▸ **ACTION ITEM**
From the data below, set down exactly the lines between the one holding "Механические колебания |" and the one holding "Januar 2009", inclusive, and no others.

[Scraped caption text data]
:::
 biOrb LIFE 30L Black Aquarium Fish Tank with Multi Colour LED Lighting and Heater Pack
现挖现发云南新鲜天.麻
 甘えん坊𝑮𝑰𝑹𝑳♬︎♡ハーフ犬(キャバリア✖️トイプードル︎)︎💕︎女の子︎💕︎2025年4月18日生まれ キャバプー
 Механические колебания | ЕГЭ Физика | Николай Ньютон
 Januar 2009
:::
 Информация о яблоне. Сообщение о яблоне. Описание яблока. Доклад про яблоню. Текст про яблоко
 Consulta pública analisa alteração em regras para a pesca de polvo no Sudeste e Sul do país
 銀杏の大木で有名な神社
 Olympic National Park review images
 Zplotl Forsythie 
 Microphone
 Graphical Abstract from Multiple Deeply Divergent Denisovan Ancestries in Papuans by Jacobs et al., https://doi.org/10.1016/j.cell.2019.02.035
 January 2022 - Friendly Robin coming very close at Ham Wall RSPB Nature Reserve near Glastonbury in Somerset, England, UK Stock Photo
:::
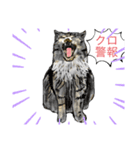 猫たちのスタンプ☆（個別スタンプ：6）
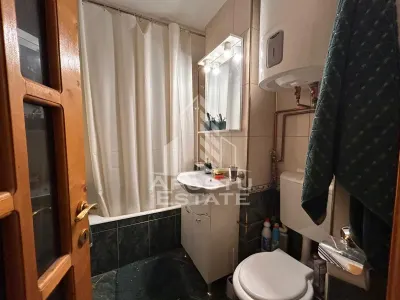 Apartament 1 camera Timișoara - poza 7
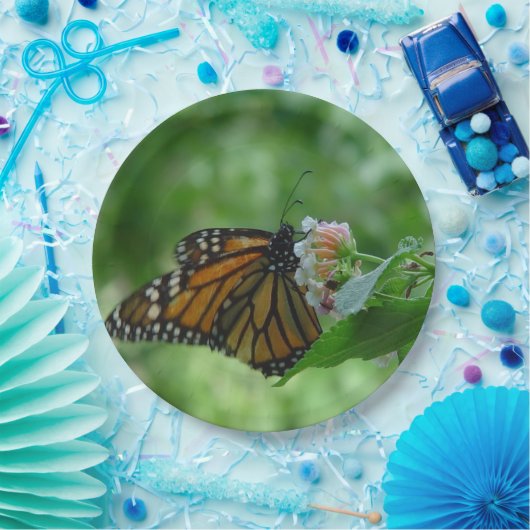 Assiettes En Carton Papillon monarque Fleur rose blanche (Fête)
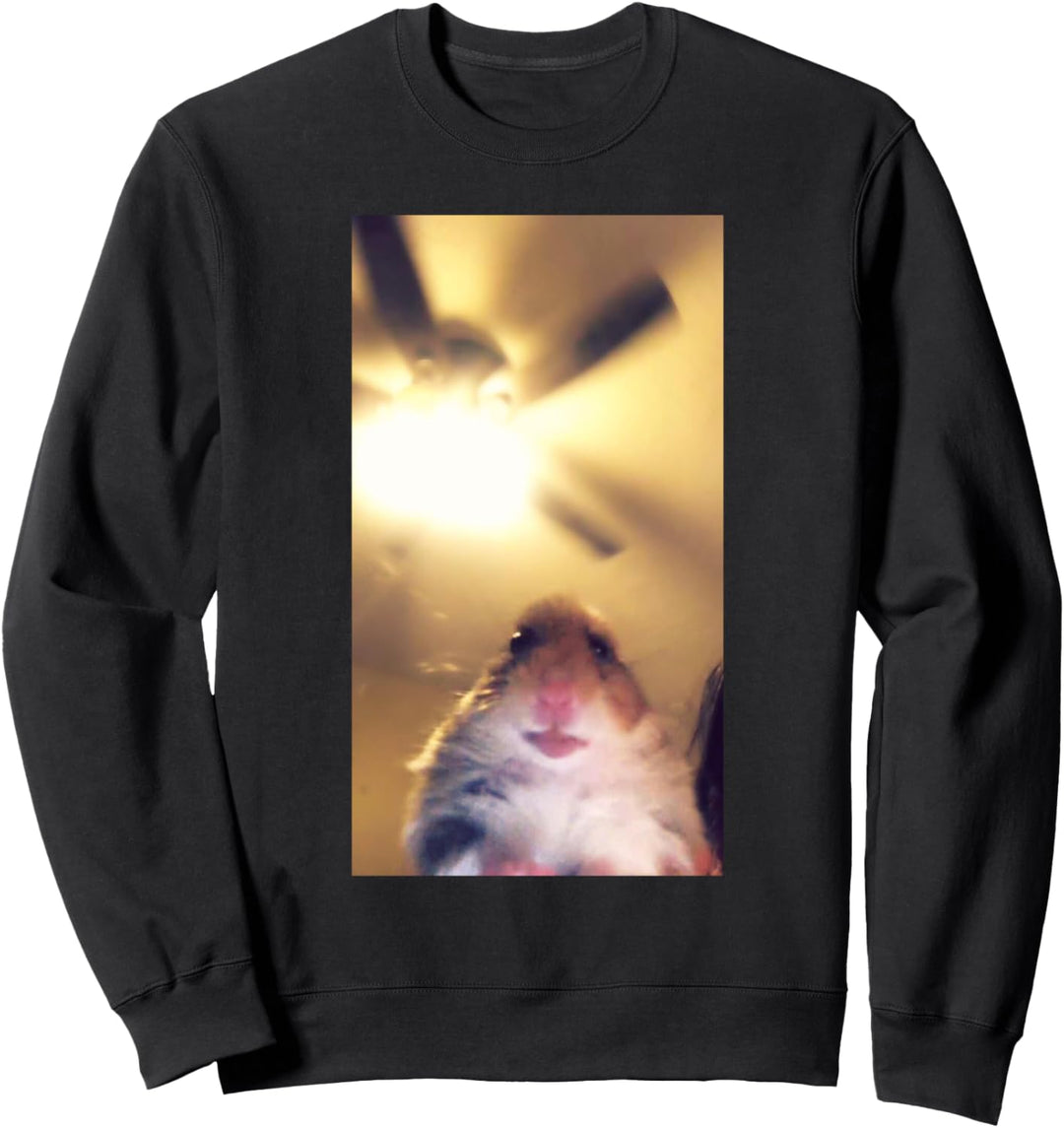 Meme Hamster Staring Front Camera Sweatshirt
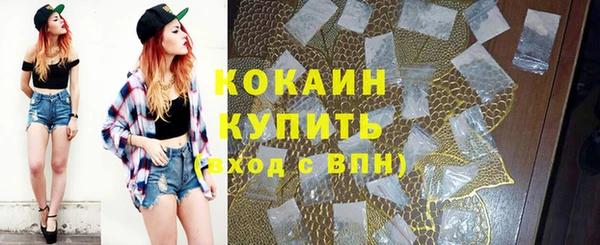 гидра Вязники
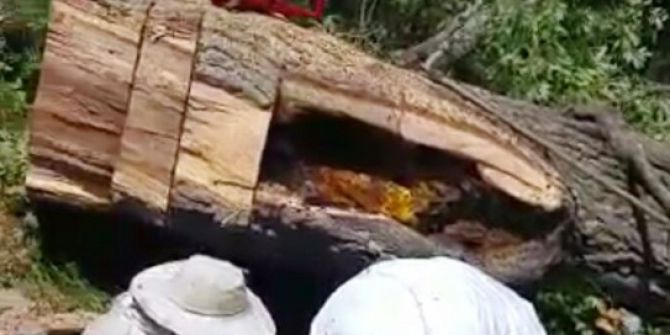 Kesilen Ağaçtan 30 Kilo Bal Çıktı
:::
▸ **ANSWER SECTION**
 Механические колебания | ЕГЭ Физика | Николай Ньютон
 Januar 2009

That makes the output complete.